Weld Tip 3 - Boost performance of Weld apps

2016-10-25   tips   Martin Kouba

In this article we’re going to dive into various performance aspects of CDI applications. As you’ve probably noticed performance testing is sometimes tricky. First of all, it’s difficult to create a meaningful benchmark. One should understand the JVM specifics (the need for warmup, garbage collection, JVM settings, etc.) and also use appropriate tools (e.g. JMH for microbenchmarks) accordingly. But even that usually proves to be unsufficient. One should also run the test in a relevant context (data, load, etc.). Performance specialists also say that’s it’s good to avoid premature optimizations but keep performance aspects in mind when tuning the "final" code. But all these considerations are out of scope of this article. Let’s go through several areas where CDI affects the performance of your application and discuss the possibilities.

Bootstrap

During bootstrap the overhead of a framework should be minimal so that it does not slow down the application startup and also does not eat all the memory available. However, CDI needs to do all that magic behind the scenes - read annotations, build and validate metadata, etc. The following sections describe what could be done to minimize the impact.

Discovery mode

In CDI 1.0 there was only one "discovery mode". How does it work? Simply put: find all bean archives (containing beans.xml), discover and process all the found classes (identify beans, etc.). Needless to say, this might be a performance problem for large applications with thousands of classes. In CDI 1.1+ we call this mode all and a bean archive with this mode is called EXPLICIT. Since CDI 1.1+ a new discovery mode - annotated - can be used. The difference is that if this mode is used only classes with a bean defining annotation are considered. In other words, a component must be explicitly designated. A bean archive with this mode is called IMPLICIT. To make things a little bit more complicated, an implicit bean archive does not have to contain a beans.xml file at all. One class with a bean defining annotation or a session bean is enough.

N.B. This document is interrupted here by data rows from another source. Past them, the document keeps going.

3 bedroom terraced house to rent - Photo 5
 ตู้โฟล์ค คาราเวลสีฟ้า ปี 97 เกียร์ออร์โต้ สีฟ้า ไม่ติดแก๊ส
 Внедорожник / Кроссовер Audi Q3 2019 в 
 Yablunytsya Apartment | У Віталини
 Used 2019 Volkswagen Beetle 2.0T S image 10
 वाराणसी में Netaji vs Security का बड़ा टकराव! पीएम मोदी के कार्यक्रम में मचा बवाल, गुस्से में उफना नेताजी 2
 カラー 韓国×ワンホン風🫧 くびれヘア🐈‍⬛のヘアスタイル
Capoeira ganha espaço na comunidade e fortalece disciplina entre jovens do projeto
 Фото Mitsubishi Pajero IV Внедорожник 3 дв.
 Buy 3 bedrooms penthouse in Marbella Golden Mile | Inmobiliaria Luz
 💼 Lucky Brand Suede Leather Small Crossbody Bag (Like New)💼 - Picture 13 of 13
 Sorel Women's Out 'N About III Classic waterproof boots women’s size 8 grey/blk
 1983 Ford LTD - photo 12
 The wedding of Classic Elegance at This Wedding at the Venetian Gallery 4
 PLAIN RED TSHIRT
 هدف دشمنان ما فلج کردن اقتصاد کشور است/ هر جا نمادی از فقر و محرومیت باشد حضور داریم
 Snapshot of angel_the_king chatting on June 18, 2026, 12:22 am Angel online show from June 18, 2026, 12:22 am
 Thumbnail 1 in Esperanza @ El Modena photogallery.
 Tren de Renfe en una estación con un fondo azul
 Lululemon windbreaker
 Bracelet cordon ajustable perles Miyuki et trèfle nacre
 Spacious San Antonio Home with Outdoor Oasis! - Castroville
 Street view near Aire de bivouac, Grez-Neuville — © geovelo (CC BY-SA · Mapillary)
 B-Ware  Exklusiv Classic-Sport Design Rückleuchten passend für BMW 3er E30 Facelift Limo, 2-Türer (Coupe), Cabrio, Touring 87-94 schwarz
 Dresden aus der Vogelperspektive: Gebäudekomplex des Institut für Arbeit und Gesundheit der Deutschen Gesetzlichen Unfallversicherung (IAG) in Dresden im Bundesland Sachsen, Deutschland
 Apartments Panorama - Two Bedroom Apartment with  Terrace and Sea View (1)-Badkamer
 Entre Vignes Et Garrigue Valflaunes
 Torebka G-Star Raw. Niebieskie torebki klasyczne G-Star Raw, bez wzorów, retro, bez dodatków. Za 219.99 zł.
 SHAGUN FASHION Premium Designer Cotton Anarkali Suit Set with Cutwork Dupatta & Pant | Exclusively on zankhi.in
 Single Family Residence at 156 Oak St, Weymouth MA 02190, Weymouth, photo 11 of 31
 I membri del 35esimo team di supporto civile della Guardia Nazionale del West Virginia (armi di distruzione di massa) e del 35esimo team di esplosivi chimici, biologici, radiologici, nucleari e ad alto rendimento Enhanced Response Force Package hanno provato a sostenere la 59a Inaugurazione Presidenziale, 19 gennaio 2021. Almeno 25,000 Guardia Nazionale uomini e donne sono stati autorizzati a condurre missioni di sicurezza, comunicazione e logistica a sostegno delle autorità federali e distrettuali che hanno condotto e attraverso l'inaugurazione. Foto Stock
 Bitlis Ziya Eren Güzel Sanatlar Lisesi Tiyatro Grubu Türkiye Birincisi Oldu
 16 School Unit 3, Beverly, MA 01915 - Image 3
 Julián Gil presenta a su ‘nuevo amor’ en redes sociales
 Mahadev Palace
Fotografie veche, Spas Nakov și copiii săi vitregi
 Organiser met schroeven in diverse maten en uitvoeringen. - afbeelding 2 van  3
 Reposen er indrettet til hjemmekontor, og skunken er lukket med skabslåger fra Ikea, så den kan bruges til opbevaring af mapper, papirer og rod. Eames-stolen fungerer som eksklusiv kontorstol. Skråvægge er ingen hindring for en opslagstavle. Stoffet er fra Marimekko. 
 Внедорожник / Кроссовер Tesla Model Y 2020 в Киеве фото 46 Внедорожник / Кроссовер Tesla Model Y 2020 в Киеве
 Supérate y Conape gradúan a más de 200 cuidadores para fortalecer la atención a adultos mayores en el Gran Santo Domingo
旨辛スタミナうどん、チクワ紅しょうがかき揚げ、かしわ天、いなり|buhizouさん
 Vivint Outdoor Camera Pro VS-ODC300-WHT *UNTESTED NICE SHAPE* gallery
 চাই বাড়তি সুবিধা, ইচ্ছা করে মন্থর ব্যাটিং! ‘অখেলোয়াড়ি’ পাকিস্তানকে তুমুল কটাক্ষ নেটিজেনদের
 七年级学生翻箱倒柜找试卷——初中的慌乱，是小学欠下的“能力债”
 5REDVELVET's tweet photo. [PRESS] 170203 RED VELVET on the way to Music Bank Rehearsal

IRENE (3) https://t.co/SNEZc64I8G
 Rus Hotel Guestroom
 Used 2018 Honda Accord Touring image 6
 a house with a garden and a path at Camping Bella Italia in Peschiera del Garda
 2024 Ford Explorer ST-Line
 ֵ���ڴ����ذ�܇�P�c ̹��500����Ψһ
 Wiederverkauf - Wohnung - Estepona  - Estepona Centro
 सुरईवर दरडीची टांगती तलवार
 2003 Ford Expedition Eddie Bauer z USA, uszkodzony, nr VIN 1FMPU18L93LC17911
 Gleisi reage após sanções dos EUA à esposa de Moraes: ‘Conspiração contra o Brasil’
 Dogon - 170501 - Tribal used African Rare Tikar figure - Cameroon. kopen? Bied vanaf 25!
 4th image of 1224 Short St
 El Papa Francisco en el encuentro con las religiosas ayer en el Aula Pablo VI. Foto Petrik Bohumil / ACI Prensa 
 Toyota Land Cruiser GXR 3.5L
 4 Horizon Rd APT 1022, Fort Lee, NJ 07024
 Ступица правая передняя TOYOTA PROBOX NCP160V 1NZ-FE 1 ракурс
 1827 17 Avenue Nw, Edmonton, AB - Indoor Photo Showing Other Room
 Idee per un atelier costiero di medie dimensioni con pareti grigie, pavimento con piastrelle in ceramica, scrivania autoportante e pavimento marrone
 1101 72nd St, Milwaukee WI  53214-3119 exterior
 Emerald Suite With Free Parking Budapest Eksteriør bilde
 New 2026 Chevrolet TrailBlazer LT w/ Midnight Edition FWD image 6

Implicit bean archive has pros and cons:

  • saves a lot of memory if an archive contains a lot of classes which should NOT become beans (the container does not have to store the metadata)

  • speeds up the bootstrap (the container does not have to process all the types, fire events like ProcessBean, etc.)

  • does not fire ProcessAnnotatedType for all types from the bean archive; this breaks some extensions (e.g. MessageBundleExtension from DeltaSpike)

  • does not pick up @javax.inject.Singleton beans (it’s not a bean defining annotation)

CONCLUSION: If possible, use the annotated discovery mode.

Most Weld-based runtimes allow to suppress implicit bean archives without beans.xml, i.e. to require the beans.xml file in bean archives so that it’s not necessary to scan all the parts of the application. See also FAQ.
If it’s not possible to use annotated mode, you can try a Weld-specific feature to conserve memory used: Veto types without bean defining annotation. A similar solution is going to be standardized in CDI 2.0 (see also CDI-420).

Extensions

CDI portable extensions are essential integration points. And users love integrated technologies. However, the more extensions the more work must be done during bootstrap. For example, there is a ProcessAnnotatedType container lifecycle event. This event is fired:

  • for every type in an EXPLICIT bean archive,

  • for every session bean and every type with a bean defining annotation in an IMPLICIT bean archive.

The delivery might be restricted by means of type arguments, e.g. for observer void observeNumbers(@Observes ProcessAnnotatedType<? extends Number> event) an extension will be notified for every class assignable to Number. However, if you do <T> void observe(@Observes ProcessAnnotatedType<T> event) your extension will be notified for every class that is discovered. Now if we have an application with one EXPLICIT bean archive with 2000 classes, then a specific observer method on such extesion will be called 2000x. And if there are three similar extensions, the CDI container will have to create 2000 events and notify 6000 observers. This should be ok unless the observer logic is overly complex.

CONCLUSION: Pay attention to extensions used in your application. If you wonder what extensions are in service, use for example Weld Probe observers view or fired events view together with org.jboss.weld.probe.eventMonitor.containerLifecycleEvents enabled.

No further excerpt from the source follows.